Mr. Metaxas once worked as a writer and editor for Chuck Colson. His admiration for the man has a special and personal quality. Not that Colson, founder of a great and famous Christian ministry to prisoners, was incapable of inspiring from afar, having risen (counselor/hatchet man to President Nixon), fallen (six months in prison for obstruction of justice) and risen in a wholly new and unexpected way as Christian convert and friend of the fallen.
Colson became perpetually busy in extending the right hand of fellowship both to prisoners who accepted it and to the fast-diminishing number of those who slapped it away. As with Liddell, it was all for Christ. Colson was a “human tornado” who aimed — like Wilberforce — at the moral reformation of his society, through the agency of Jesus Christ. As Wilberforce had crusaded against bondage in the form of chattel slavery, finally achieving slavery’s extirpation in Britain’s empire and colonies, so Colson warred against bondage to sin. Jesus Christ had saved him — changed his life. The Lord, as the Good Book promised, could do it for all.

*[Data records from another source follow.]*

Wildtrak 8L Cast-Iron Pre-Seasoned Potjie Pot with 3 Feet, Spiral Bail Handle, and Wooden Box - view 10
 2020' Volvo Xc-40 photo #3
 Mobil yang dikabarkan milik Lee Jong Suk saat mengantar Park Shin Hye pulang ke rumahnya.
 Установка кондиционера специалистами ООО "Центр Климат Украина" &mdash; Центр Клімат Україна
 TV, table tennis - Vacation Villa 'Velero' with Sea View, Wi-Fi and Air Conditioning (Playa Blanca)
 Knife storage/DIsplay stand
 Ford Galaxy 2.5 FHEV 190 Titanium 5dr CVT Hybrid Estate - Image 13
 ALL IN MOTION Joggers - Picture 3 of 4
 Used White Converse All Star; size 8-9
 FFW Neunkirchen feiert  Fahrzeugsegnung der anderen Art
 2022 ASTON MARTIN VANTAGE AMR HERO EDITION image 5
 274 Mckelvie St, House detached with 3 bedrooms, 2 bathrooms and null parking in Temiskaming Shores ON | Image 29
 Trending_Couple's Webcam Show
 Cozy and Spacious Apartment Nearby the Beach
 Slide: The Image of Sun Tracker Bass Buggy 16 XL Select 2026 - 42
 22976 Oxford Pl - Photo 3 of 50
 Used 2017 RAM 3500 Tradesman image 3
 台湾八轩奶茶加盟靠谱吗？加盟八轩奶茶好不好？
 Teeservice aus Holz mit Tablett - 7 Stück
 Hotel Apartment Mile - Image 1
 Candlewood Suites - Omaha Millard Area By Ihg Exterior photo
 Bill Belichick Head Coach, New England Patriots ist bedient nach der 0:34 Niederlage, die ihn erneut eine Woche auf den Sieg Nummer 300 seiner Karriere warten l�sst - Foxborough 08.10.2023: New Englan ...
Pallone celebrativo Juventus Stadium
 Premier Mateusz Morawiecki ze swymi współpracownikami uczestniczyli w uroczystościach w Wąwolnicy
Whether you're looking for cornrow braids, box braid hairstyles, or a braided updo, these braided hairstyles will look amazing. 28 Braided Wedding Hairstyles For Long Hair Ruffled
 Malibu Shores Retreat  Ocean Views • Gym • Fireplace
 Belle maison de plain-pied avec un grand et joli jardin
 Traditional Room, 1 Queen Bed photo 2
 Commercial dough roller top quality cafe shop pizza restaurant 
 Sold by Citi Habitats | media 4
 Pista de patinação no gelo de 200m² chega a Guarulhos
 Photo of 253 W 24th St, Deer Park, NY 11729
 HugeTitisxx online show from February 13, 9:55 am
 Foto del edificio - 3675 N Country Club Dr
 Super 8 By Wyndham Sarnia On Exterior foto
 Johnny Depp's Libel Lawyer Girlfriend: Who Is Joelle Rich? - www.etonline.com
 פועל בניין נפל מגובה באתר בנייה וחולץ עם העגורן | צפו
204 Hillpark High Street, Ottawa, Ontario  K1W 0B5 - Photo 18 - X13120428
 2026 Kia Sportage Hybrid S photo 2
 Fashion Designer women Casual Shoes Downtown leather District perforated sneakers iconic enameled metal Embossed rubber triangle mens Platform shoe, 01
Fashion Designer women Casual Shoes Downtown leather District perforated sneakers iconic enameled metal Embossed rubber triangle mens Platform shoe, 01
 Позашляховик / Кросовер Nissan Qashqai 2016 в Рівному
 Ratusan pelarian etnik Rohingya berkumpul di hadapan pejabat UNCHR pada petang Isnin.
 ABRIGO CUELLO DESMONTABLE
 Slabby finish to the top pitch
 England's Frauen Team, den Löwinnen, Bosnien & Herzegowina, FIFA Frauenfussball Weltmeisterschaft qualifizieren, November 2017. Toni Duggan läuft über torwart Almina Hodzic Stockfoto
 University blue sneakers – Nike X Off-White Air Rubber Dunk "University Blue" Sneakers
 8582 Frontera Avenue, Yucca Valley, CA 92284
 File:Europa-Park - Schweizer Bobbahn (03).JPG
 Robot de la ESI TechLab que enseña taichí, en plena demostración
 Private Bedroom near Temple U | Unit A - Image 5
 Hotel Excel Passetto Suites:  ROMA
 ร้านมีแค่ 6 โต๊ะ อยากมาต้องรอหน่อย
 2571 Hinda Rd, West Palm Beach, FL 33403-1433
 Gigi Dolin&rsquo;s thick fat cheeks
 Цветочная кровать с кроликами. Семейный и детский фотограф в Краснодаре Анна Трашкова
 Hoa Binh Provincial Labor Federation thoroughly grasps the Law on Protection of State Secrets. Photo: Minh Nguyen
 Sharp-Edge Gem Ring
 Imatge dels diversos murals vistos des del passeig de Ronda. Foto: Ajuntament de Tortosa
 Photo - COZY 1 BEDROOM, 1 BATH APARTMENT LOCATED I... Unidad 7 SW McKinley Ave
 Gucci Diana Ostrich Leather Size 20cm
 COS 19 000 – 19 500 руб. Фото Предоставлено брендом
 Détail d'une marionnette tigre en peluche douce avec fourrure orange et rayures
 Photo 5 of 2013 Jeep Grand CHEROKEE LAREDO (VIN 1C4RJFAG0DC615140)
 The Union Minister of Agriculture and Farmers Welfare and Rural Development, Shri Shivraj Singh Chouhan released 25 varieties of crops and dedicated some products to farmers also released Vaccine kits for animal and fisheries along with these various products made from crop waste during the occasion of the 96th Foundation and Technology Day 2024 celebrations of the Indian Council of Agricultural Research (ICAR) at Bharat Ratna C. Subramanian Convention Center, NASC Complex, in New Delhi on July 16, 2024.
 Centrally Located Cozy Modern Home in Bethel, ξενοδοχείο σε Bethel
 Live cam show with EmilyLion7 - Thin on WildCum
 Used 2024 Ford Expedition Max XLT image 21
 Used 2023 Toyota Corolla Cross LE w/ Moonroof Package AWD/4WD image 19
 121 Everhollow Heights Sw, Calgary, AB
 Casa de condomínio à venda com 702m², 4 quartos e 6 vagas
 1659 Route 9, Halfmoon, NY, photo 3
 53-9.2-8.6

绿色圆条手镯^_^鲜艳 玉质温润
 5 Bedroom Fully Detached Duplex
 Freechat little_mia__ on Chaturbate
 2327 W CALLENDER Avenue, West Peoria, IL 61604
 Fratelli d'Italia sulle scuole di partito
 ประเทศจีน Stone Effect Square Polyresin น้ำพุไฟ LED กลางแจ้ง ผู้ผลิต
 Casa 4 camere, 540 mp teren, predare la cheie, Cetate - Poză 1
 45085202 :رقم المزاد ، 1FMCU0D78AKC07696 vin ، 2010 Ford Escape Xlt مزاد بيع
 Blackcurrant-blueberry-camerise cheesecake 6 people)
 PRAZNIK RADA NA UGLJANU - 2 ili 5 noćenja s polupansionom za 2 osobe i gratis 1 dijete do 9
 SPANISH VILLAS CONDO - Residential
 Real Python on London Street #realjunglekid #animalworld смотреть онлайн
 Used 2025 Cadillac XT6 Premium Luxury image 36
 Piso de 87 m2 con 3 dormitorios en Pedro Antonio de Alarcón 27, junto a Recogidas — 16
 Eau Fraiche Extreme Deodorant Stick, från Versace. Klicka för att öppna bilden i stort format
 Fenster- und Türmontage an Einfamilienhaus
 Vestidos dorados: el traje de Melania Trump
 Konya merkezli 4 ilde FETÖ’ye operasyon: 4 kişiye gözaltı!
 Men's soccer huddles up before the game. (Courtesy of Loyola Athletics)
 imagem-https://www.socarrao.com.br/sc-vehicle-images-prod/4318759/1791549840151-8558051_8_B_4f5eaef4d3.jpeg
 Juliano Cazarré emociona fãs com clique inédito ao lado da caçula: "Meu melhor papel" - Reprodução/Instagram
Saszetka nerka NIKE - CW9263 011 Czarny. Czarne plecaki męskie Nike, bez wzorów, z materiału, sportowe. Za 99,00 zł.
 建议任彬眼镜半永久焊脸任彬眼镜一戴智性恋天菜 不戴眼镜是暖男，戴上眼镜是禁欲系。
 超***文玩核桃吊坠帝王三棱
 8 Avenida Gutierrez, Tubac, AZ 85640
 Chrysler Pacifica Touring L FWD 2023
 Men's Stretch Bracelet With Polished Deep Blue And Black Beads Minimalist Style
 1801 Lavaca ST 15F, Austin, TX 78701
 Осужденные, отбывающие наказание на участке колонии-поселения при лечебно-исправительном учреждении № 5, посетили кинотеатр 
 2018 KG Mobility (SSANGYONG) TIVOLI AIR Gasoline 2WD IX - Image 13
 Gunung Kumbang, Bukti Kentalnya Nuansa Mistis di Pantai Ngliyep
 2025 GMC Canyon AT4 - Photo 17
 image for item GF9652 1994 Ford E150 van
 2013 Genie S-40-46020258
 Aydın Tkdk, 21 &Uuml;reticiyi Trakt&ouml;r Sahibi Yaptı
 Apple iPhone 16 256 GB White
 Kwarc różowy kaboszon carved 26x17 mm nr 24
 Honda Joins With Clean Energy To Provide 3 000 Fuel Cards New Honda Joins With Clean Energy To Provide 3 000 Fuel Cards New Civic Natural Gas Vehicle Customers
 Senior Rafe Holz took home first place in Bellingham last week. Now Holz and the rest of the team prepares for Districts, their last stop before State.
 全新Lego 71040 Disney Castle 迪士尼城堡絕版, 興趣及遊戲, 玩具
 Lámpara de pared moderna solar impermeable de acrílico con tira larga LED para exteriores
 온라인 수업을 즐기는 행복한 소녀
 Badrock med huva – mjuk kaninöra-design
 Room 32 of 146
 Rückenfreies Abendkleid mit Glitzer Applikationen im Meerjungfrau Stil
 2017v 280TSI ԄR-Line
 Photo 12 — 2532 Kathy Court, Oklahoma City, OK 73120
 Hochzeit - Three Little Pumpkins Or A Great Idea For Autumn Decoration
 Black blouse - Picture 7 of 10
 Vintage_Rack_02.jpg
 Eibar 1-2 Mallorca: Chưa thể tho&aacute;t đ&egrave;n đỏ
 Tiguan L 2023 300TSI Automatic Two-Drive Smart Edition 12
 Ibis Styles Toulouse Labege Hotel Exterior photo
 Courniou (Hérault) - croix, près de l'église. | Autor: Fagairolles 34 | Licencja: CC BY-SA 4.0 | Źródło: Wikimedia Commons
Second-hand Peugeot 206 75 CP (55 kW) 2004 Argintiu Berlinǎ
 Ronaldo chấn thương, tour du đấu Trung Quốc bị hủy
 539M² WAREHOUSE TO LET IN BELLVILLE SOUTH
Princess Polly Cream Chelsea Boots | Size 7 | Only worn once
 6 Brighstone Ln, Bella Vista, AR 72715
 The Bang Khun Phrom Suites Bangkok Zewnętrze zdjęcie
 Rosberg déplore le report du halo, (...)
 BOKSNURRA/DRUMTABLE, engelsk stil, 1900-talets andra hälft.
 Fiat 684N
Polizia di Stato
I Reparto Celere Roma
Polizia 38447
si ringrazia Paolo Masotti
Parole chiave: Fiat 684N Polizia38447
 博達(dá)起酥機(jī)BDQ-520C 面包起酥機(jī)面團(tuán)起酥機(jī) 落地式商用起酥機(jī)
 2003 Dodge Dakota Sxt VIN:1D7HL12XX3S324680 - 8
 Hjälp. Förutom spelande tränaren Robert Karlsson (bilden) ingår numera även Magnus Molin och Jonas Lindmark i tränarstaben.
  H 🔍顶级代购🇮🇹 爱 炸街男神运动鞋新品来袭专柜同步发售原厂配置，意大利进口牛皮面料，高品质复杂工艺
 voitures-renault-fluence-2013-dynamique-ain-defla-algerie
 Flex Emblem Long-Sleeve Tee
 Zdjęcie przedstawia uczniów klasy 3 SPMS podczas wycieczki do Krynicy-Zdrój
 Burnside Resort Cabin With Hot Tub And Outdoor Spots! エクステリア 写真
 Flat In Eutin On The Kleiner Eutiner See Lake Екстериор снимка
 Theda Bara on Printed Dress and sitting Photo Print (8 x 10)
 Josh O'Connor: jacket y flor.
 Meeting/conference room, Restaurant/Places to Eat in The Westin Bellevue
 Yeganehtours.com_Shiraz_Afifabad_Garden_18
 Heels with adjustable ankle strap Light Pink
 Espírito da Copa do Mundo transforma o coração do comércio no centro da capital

“Seven Men” — brisk and bright, conversational and accessible, surely, to most 14-year-olds — is a book far more evangelical than scholarly. I don’t imagine it took much time to write; it will take more time by far to sink into readers’ consciousness. The countercultural battle Mr. Metaxas tries to start here is large, with the enemy — morally indifferent secularism, more and more hostile to Christianity — in possession of the battlements. He doesn’t say so, but one intuits he must sometimes liken 21st-century America to the 18th-century culture that his hero Wilberforce found it necessary to surmount in order to procure freedom for the slaves. The battle, it seems, never ends — a powerful reason for recruiting all the heroes you can lay hands on.
William Murchison is a nationally syndicated columnist.